= Hive Data Manipulation Language =
There are two primary ways of modifying data in Hive:
Loading files into tables
Hive does not do any transformation while loading data into tables. Load operations are currently pure copy/move operations that move datafiles into locations corresponding to Hive tables.
Syntax
LOAD DATA [LOCAL] INPATH 'filepath' [OVERWRITE] INTO TABLE tablename [PARTITION (partcol1=val1, partcol2=val2 ...)]
Synopsis
Load operations are current pure copy/move operations that move datafiles into locations corresponding to Hive tables.
- filepath can be a
- relative path, eg:
project/data1
- absolute path, eg:
/user/hive/project/data1
- a full URI with scheme and (optionally) an authority, eg:
hdfs://namenode:9000/user/hive/project/data1
- relative path, eg:
- The target being loaded to can be a table or a partition. If the table is partitioned, then one must specify a specific partition of the table by specifying values for all of the partitioning columns.

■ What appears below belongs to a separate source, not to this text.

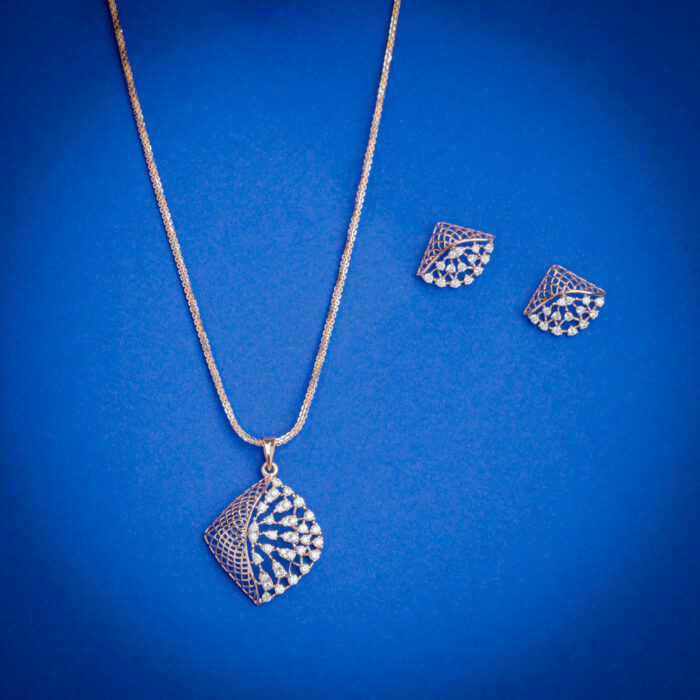 Diamond pendent set with lattice drop design and matching earrings in 14k gold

- filepath can refer to a file (in which case hive will move the file into the table) or it can be a directory (in which case hive will move all the files within that directory into the table). In either case filepath addresses a set of files.
- If the keyword LOCAL is specified, then:
- the load command will look for filepath in the local file system. If a relative path is specified - it will be interpreted relative to the current directory of the user. User can specify a full URI for local files as well - for example:
file:///user/hive/project/data1
- the load command will try to copy all the files addressed by filepath to the target filesystem. The target file system is inferred by looking at the location attribute of the table. The copied data files will then be moved to the table.
- the load command will look for filepath in the local file system. If a relative path is specified - it will be interpreted relative to the current directory of the user. User can specify a full URI for local files as well - for example:
- If the keyword LOCAL is not specified, then Hive will either use the full URI of filepath if one is specified. Otherwise the following rules are applied:
- If scheme or authority are not specified, Hive will use the scheme and authority from hadoop configuration variable
fs.default.name
that specifies the Namenode URI. - If the path is not absolute - then Hive will interpret it relative to
/user/<username>
- Hive will move the files addressed by filepath into the table (or partition)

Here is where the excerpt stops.